モスクワでの無人機による攻撃 ロシア国防省も発表

ロシア国防省は1日、首都モスクワと近郊でウクライナ側が3機の無人機による攻撃を仕掛けこのうち1機が、高層ビルが建ち並ぶビジネス街「モスクワシティ」の一角に墜落したと発表しました。

無人機によって損壊したと伝えられた高層ビルでは、高さ数十メートルのところにある複数の窓が割れて抜け落ち、窓の周りが焼け焦げたように見えます。

周囲には警察や消防の車両が集まり、近くを通る人たちは壊れた所を心配そうに見上げたり、スマートフォンで写真を撮ったりしていました。

被害を受けたビルの隣の建物で働いているという女性は「正直なところ、とても怖い。国がしかるべき対策をとり、同じことが起きないようにしてほしい」と話していました。

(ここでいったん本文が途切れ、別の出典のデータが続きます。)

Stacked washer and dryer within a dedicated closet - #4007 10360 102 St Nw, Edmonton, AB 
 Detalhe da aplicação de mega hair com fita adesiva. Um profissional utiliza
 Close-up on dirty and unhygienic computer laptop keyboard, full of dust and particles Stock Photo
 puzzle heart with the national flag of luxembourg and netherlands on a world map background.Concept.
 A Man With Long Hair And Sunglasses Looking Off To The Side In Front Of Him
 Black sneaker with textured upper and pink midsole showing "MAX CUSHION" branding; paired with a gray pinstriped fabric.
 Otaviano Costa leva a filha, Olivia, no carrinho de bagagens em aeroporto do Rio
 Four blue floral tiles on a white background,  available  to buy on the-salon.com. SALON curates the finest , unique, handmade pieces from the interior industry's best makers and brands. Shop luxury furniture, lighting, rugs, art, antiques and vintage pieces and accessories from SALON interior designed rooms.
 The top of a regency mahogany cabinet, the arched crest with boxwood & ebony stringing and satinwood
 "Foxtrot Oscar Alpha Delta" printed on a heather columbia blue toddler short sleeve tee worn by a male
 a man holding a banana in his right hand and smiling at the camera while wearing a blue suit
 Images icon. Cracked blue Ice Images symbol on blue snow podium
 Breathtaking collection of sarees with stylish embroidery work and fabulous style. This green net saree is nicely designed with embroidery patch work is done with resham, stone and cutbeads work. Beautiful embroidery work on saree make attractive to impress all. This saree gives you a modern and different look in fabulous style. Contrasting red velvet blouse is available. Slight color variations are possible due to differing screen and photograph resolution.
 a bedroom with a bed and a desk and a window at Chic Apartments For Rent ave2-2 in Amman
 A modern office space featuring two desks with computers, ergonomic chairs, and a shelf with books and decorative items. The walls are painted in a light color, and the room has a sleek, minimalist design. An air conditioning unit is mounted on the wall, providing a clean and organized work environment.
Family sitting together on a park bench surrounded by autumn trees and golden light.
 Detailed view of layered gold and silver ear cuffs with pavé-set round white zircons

ロシア軍艦艇 “ウクライナ軍の無人水上艇から攻撃も撃退”

ロシア国防省は1日、ウクライナ南部クリミアの軍港都市セバストポリから南西340キロの黒海海域で、ロシア軍の艦艇がウクライナ軍の3隻の無人水上艇から攻撃を仕掛けられ、これを撃退したと発表しました。

プーチン大統領の側近、パトルシェフ安全保障会議書記が31日「ウクライナの治安当局は、モスクワやクリミアなどで空や海から多くの無人機で攻撃を仕掛けている」と述べるなど、無人機による攻撃に警戒を強めています。

ウクライナ 東部・南部の攻撃で市民の犠牲広がる

ウクライナでは東部や南部でロシア軍による攻撃が相次ぎ、市民の犠牲が広がっています。

南部ヘルソン州の州都ヘルソンでは、地元の州知事がロシア軍の砲撃で4人が死亡したと明らかにしました。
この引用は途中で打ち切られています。